Под тревожный шум деревьев Кир говорил навстречу ветру древние слова:
7
По всем правилам искусства, мастерски (лат.).
— Да будет благословенно, и восхвалено, и чествуемо, и возвеличено, и превознесено, и почтено, и возвышено, и прославляемо имя Пресвятого, благословен Он…
Защёлкали затворы; стволы поднялись к небосводу, полыхающему молниями. Командующий батальоном штандарт-гауптман отдал честь, все последовали его примеру. Белый свёрток на верёвках опустился в могилу; грянули выстрелы.
«Боже, — молился про себя Кир, нажимая на спусковой крючок «парабеллума», — только бы дослужить и сесть на пароход. Я пять лет не был дома, не слышал родных голосов. Я русский язык стал забывать. Я столько людей убил, что сердце шерстью обросло. Господи, дай мне вернуться домой!»
Шлем Локшина лежал посередине стола.
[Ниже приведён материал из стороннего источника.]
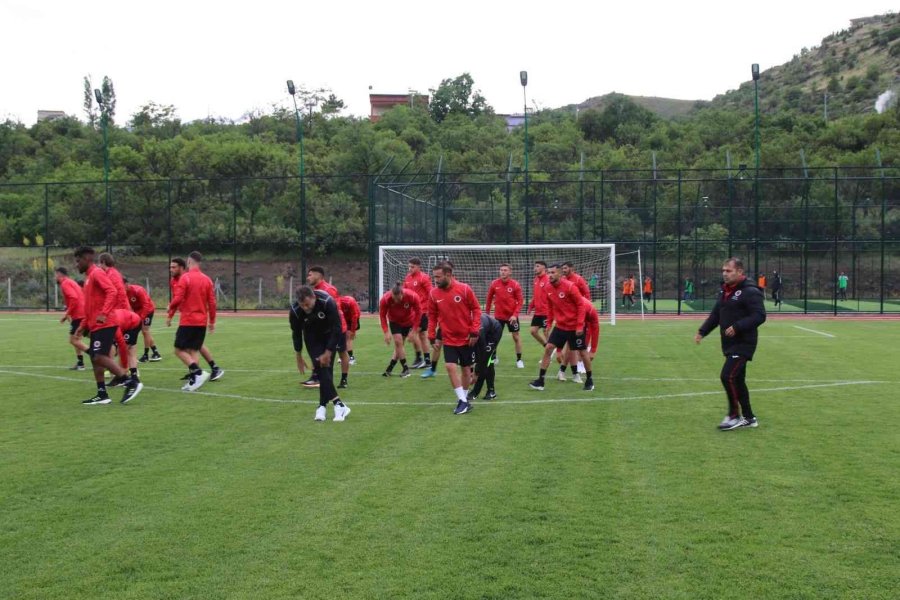 Gençlerbirliği Yeni Sezon Hazırlıkları İçin Hacılar’da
Свет лампы отражался в латунной эмблеме — «лев с ошейником, цепью и мечом в правой передней лапе» — и буквах MFRL, означавших «Наёмный фузилёрный полк Лафора».
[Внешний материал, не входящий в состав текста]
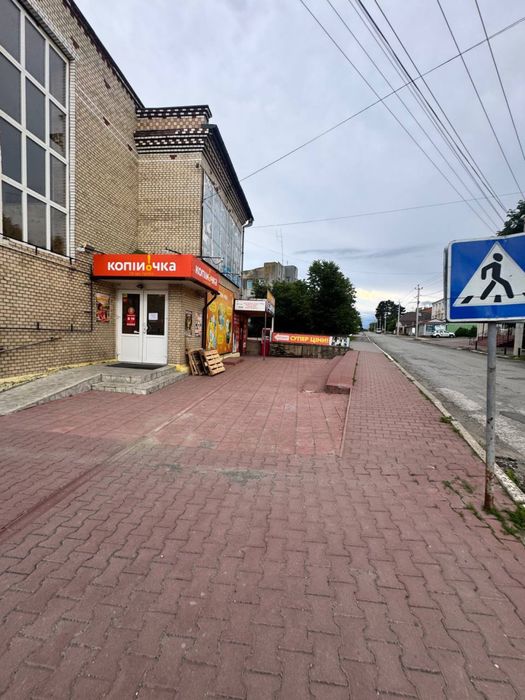 Приміщення під  магазин або кафе — 159 м² Нова Ушиця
Потом шлем положат на могилу, по обычаю. Пока он обозначал того, кого нет — и больше никогда не будет за столом.
Рядом стоял стакан с белёсым, мутным самогоном, накрытый куском пресной лепёшки. «Бронф ун бройд [8] , — сказал бы Яша, — вот и сказочке конец».
8
Водка и хлеб (идиш).
— Хлеба хочу, настоящего. — Котельников с ненавистью взирал на безвкусную выпечку. — Сил нет, надоела негритянская маца.
Дождь прошёл стороной, едва покрапав на лагерь наёмников. В воздухе скопилось тошнотворное удушье, которое Рите-артиллерист называл «липкая смерть». Чтобы стало ещё хуже, принесли две бутыли ямсового первача — их следовало выглушить, иначе это не поминки.
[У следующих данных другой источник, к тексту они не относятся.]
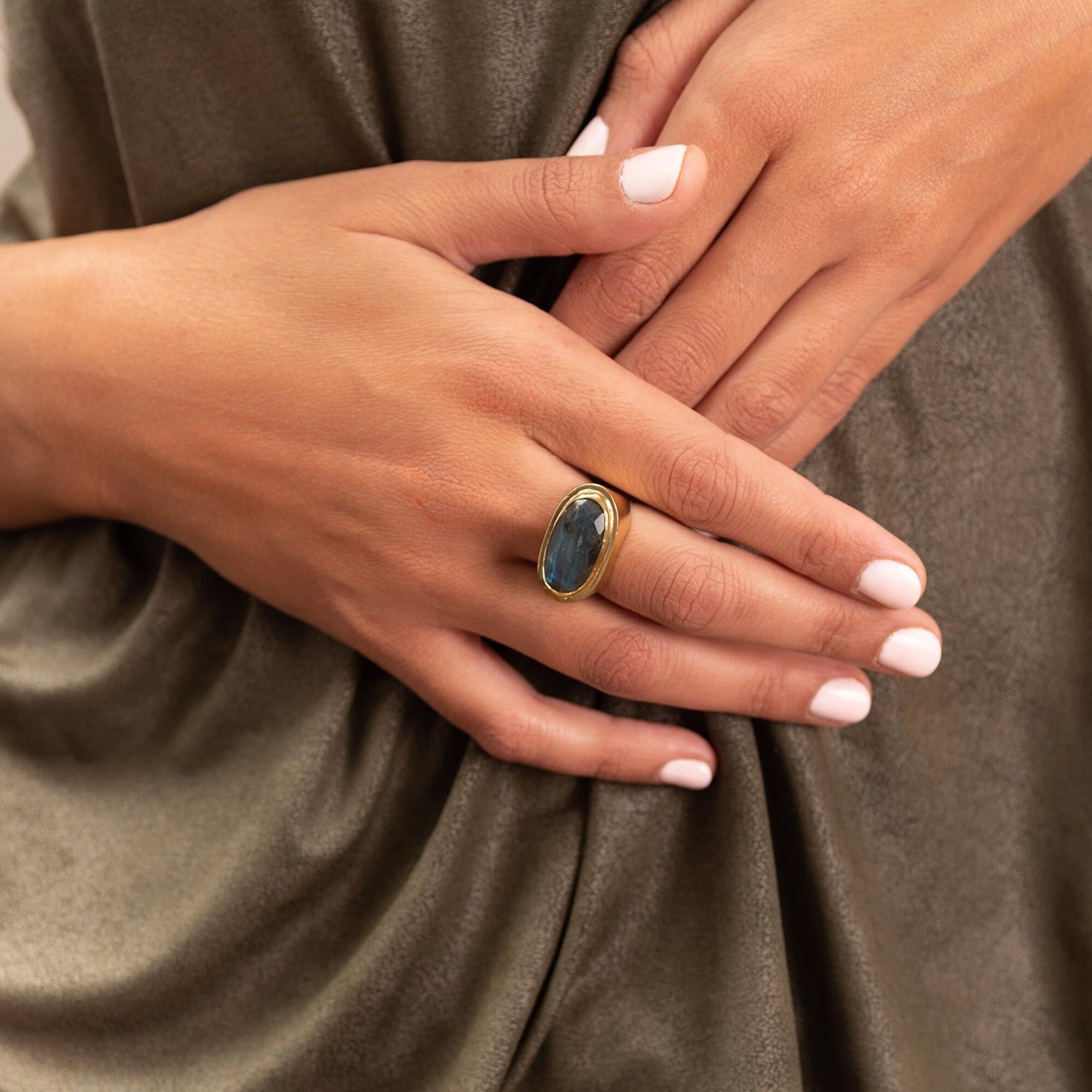 Labradorite Ring ,Statement Oval Ring, 14k Gold Ring, Cocktail Ring, Gemstone Ring, Solitaire Ring, Oval Ring Setting, Gold Ring For Women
Закрыв глаза, Кир постарался представить семейный стол в Андреевке. Все рядом — Машутка, Лизанька, Дима и Евгеша. Отец спрашивает маму: «Ну-с, голубушка, чем нас сегодня попотчуют?» Запах горячего, свежего хлеба…
— Львы Лафора! — громко спугнул его грёзы гауптман. — Давайте нынче без чинов — перед костлявой все равны… Мы проводили нашего Яшу — тело в яму, душу в небо. Настоящий русский офицер. Я знал его с четырнадцатого года. Он любил Родину, водку и женщин. Помянем! Земля ему пухом.
Пойло хлестнуло в горло, опалило. Рот наполнился щиплющим кислым привкусом.
В душном, спёртом воздухе палатки зудели крупные мухи — величиной со шмеля. Противный звук вьющихся над головами насекомых понемногу выводил Кира из себя.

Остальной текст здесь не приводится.